↓↓↓

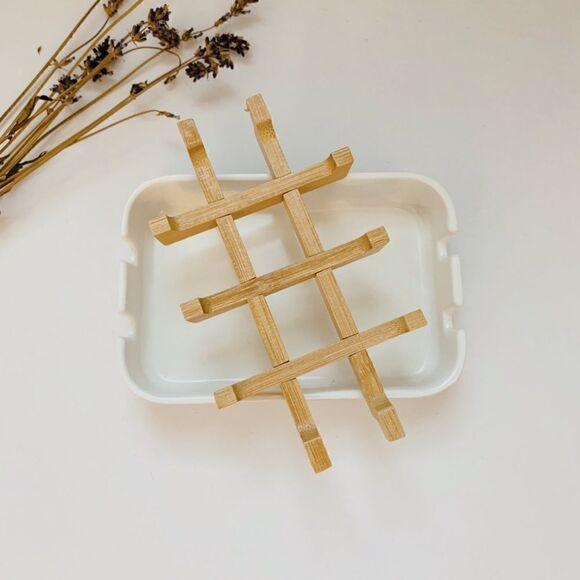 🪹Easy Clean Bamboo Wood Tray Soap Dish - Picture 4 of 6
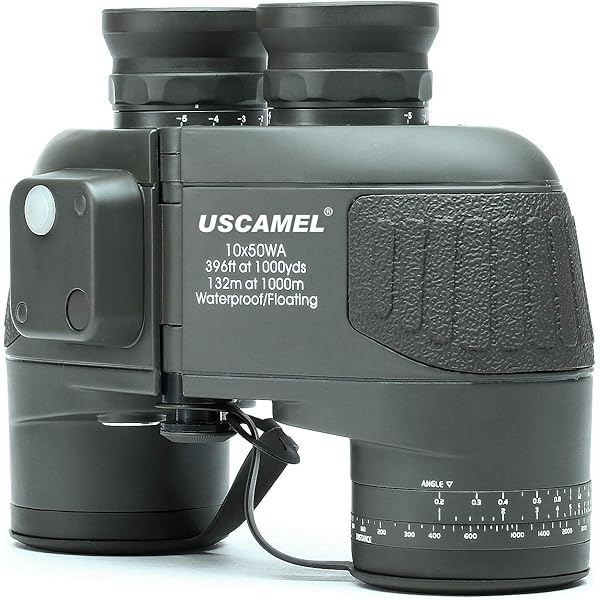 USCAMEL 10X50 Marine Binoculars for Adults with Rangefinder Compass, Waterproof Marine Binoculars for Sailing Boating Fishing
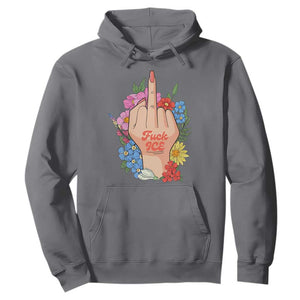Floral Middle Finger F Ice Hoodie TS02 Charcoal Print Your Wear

↑↑↑
↓↓↓

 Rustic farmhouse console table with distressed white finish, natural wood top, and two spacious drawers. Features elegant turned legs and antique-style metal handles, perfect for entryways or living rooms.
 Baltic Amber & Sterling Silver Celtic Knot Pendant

↑↑↑

▸ **About this task**
Output exactly, and only, the lines of the entries above from the one with "Picture 4 of 6" up to and including the one with "Floral Middle Finger"; pictures are to be left out.

▸ **Output of the task**
 🪹Easy Clean Bamboo Wood Tray Soap Dish - Picture 4 of 6
 USCAMEL 10X50 Marine Binoculars for Adults with Rangefinder Compass, Waterproof Marine Binoculars for Sailing Boating Fishing
Floral Middle Finger F Ice Hoodie TS02 Charcoal Print Your Wear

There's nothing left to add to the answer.